(Short text fragments from websites)

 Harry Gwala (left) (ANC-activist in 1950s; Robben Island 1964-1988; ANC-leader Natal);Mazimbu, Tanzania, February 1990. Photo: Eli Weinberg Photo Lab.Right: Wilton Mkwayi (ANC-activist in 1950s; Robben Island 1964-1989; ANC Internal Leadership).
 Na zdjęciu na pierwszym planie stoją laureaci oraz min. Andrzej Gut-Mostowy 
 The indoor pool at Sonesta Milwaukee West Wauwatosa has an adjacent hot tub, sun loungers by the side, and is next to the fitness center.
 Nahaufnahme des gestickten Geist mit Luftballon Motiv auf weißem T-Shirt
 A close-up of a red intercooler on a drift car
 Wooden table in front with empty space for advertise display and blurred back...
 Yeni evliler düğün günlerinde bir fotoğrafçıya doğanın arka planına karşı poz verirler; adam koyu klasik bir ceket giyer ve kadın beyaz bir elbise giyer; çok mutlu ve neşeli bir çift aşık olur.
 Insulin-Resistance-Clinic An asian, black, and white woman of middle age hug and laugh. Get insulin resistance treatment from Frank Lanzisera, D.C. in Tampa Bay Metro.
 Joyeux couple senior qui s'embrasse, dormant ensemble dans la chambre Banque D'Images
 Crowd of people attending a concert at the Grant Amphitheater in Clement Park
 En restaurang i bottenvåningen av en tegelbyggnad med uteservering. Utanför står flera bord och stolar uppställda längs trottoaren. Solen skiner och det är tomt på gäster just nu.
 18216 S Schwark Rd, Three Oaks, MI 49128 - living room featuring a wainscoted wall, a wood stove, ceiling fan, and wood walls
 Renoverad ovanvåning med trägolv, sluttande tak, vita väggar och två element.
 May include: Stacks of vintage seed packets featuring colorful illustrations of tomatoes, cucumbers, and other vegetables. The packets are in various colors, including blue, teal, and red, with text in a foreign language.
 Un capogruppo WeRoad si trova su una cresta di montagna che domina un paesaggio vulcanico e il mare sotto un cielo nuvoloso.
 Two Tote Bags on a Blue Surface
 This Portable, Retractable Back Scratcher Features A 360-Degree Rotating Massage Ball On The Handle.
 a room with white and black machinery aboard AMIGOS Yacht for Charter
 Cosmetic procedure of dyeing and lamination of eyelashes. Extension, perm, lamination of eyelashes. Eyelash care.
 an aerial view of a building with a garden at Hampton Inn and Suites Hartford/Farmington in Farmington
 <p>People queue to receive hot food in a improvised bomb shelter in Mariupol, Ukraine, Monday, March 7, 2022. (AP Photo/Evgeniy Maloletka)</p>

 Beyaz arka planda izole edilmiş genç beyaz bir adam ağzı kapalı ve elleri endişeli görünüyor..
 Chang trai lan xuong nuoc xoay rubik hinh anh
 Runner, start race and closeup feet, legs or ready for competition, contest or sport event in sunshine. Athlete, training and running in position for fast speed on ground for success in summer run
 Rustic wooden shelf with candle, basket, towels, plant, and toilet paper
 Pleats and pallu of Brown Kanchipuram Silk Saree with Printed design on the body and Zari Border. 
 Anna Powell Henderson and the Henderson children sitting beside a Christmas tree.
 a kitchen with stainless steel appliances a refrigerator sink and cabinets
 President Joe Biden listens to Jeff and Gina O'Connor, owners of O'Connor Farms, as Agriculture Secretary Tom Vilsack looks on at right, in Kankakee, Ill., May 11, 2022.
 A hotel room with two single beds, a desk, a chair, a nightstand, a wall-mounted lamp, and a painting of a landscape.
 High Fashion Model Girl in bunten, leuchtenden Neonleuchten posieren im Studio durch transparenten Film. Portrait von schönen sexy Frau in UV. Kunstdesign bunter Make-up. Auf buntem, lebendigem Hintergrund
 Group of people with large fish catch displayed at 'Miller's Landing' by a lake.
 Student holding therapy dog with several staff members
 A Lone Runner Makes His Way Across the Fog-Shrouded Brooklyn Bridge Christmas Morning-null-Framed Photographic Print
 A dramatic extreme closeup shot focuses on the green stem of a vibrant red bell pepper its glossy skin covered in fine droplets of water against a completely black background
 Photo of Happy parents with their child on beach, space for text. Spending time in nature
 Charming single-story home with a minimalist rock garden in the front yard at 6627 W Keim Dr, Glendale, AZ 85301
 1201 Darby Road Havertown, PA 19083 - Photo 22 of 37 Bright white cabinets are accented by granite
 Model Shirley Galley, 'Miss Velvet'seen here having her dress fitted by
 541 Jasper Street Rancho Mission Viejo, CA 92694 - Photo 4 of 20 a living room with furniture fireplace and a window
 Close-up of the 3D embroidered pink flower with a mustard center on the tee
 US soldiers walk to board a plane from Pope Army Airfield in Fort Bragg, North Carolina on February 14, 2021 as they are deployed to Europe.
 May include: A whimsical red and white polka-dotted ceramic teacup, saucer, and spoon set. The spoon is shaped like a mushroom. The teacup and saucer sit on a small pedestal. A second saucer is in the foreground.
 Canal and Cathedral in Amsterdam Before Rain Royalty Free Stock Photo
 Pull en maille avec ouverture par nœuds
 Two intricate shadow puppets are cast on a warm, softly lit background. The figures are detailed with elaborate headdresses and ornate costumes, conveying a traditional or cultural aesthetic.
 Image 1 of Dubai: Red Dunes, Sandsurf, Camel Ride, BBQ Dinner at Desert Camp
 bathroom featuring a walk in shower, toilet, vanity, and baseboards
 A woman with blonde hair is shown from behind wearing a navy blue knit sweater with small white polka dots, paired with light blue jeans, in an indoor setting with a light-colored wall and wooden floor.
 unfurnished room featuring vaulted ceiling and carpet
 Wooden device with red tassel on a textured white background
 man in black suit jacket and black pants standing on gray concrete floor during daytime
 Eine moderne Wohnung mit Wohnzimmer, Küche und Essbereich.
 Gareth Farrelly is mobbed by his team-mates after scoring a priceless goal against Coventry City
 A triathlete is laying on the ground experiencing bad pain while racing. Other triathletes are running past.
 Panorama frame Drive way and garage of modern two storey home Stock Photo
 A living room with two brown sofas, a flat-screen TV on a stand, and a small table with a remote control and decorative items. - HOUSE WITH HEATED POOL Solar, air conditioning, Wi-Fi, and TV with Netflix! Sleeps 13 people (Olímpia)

## What is required
Starting at the line that contains "Two intricate shadow", print every line through the last one of the records, exactly and with nothing else.

## Answer space
 Two intricate shadow puppets are cast on a warm, softly lit background. The figures are detailed with elaborate headdresses and ornate costumes, conveying a traditional or cultural aesthetic.
 Image 1 of Dubai: Red Dunes, Sandsurf, Camel Ride, BBQ Dinner at Desert Camp
 bathroom featuring a walk in shower, toilet, vanity, and baseboards
 A woman with blonde hair is shown from behind wearing a navy blue knit sweater with small white polka dots, paired with light blue jeans, in an indoor setting with a light-colored wall and wooden floor.
 unfurnished room featuring vaulted ceiling and carpet
 Wooden device with red tassel on a textured white background
 man in black suit jacket and black pants standing on gray concrete floor during daytime
 Eine moderne Wohnung mit Wohnzimmer, Küche und Essbereich.
 Gareth Farrelly is mobbed by his team-mates after scoring a priceless goal against Coventry City
 A triathlete is laying on the ground experiencing bad pain while racing. Other triathletes are running past.
 Panorama frame Drive way and garage of modern two storey home Stock Photo
 A living room with two brown sofas, a flat-screen TV on a stand, and a small table with a remote control and decorative items. - HOUSE WITH HEATED POOL Solar, air conditioning, Wi-Fi, and TV with Netflix! Sleeps 13 people (Olímpia)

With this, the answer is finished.